Biff Grimes is a middle-class dentist in New York City who is trying to relax on a Sunday afternoon, setting plans to go on a walk with his wife, Amy. Although he normally refuses appointments on Sundays, he receives a call from Hugo Barnstead, an old partner and nemesis, who desperately needs dental attention. Biff accepts the appointment, remarking that after his recent release from jail, he had considered tracking down Hugo and killing him. He thinks back to the events of the previous decade over a long flashback.

Aspiring dentist Biff and his enterprising friend Hugo go on a series of double dates with fashionable strawberry-blonde society girl Virginia Brush and her less-glamorous best friend, Amy Lind, a hardworking nurse with suffragette sympathies. From the outset, Biff is prejudiced against Amy's independent tendencies and states his preference for the more alluring Virginia. With Hugo's consent, the men alternately spend time with each girl. They often meet in the park, to Biff's benefit as he has somewhat of a ruffian reputation.

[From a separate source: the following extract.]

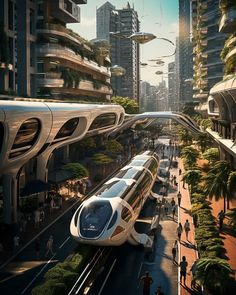 an artist's rendering of a futuristic city with high - rise buildings and trains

After serendipitously spending a day in the city together, Biff quickly falls in love with Virginia. She returns his affection but has already made a series of other dates before they can get together again. While waiting to meet Virginia in the park for a follow-up date, Biff is disappointed by Amy's sudden appearance. He learns that Virginia and Hugo have abruptly married that afternoon. While stating his anger at Hugo's betrayal, he finds it easy to accept the loss of Virginia as Amy comforts him and he realizes she is the woman of stronger character.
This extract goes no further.